Your objective:
Give every entry again, word for word.

*** Block opens ***

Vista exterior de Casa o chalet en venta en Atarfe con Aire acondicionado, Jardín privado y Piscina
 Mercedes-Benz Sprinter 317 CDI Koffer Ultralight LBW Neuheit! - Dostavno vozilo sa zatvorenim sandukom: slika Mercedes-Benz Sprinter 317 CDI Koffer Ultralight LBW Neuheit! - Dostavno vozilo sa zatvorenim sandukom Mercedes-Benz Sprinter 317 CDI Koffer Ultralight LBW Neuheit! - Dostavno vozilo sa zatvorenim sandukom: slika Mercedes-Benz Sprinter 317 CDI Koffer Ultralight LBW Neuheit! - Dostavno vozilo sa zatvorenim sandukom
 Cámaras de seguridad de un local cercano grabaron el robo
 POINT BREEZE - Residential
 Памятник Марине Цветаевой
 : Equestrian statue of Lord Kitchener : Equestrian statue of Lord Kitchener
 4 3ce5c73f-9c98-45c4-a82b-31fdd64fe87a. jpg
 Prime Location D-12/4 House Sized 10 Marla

*** Block closes ***

Answer for the task:
Vista exterior de Casa o chalet en venta en Atarfe con Aire acondicionado, Jardín privado y Piscina
 Mercedes-Benz Sprinter 317 CDI Koffer Ultralight LBW Neuheit! - Dostavno vozilo sa zatvorenim sandukom: slika Mercedes-Benz Sprinter 317 CDI Koffer Ultralight LBW Neuheit! - Dostavno vozilo sa zatvorenim sandukom Mercedes-Benz Sprinter 317 CDI Koffer Ultralight LBW Neuheit! - Dostavno vozilo sa zatvorenim sandukom: slika Mercedes-Benz Sprinter 317 CDI Koffer Ultralight LBW Neuheit! - Dostavno vozilo sa zatvorenim sandukom
 Cámaras de seguridad de un local cercano grabaron el robo
 POINT BREEZE - Residential
 Памятник Марине Цветаевой
 : Equestrian statue of Lord Kitchener : Equestrian statue of Lord Kitchener
 4 3ce5c73f-9c98-45c4-a82b-31fdd64fe87a. jpg
 Prime Location D-12/4 House Sized 10 Marla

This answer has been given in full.